Growth that exposed the real pressure points

When Tango launched, the founders were reacting to a specific kind of strain. Brokerages were growing, but the costs of running them were rising even faster. Compliance was becoming heavier, lender relationships were harder to maintain, and technology investments were uneven across individual offices. A shared platform could lighten that load, but not at the cost of flattening the independence that kept brokers competitive.

As the brokerage grew, the realities of scale began to surface in more practical ways. New agents needed guidance without overwhelming the internal team. Experienced brokers wanted room to preserve the processes they trusted, even as the organization added more structure around them. And the brokerage as a whole needed a reliable way to keep client experiences consistent, even when individual agents worked differently.

Over time, it became clear that the brokers who settled in fastest tended to be those who adopted Finmo early in their onboarding. It was not about the software itself. It was about the predictability it brought to the first weeks on the job. Finmo handled setup, training, and early support directly, which meant Tango’s internal staff could stay focused on strategy instead of spending their time walking new agents through technical hurdles. The smoother that early period became, the more it shaped the confidence of new brokers who were trying to find their footing.

Clients felt the impact as well. Files moved with fewer pauses. Questions that normally stalled deals surfaced earlier and were resolved without the same back-and-forth. Brokers reported fewer interruptions in their day and a greater sense of control over their workflow. Nothing dramatic. Just the kind of operational steadiness that lets people focus on the decisions that matter rather than the mechanics around them.
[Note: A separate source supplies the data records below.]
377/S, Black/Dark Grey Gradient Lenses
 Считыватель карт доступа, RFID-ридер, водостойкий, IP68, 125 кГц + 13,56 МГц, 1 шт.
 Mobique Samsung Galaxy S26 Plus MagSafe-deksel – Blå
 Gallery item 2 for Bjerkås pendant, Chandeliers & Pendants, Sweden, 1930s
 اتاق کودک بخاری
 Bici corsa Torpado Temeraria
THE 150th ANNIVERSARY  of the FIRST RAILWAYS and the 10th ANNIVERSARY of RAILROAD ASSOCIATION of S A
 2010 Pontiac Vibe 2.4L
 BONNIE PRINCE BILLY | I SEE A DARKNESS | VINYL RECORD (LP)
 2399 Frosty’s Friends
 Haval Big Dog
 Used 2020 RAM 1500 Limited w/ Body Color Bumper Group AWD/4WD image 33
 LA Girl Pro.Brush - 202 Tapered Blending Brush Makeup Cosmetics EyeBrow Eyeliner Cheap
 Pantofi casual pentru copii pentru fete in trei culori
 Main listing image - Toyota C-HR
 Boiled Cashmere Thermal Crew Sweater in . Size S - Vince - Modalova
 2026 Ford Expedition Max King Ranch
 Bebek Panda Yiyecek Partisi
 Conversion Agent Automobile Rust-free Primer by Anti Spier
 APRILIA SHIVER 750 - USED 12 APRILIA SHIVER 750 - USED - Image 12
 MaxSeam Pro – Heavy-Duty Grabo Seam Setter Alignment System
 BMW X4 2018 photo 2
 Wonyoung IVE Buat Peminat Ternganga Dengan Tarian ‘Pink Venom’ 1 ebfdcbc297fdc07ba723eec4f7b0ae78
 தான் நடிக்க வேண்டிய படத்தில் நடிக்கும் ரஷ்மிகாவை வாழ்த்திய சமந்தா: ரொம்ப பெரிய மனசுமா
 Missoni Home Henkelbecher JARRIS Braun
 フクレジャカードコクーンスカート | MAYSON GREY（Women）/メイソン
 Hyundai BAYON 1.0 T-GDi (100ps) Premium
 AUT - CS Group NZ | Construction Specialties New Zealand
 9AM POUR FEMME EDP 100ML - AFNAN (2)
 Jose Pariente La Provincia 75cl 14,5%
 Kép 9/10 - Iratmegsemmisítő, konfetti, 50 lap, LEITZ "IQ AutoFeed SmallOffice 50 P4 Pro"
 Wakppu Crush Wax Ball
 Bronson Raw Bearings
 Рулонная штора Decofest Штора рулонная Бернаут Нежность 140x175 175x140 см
How brokers shaped the system to fit their work

As Tango paid closer attention to how its brokers operated, a more interesting pattern emerged. Brokers were not using the system in identical ways. They were adapting it to fit the shape of their business. Some developed more advanced workflows, connecting CRMs or layering in automations. Others kept things simple. What mattered was that they could adjust the system without forcing their business to conform to someone else’s blueprint.

Support formed part of that picture. Brokers often mentioned how valuable it was to reach someone quickly who understood the nature of their work, especially when they needed help mid-file.

“The way we work at Finmo is that we see our users as partners instead of clients,” emphasizes VP of sales, Frank Bessette.  “We focus on tech so that they can focus on mortgages - and we win together. 

“Agents shouldn't have to spend their days worrying about technology.  They can focus on their files and clients knowing that we're always minutes away if needed, and we apply that same dedication all the way to the top of their organization to assure all their supporting needs are met.”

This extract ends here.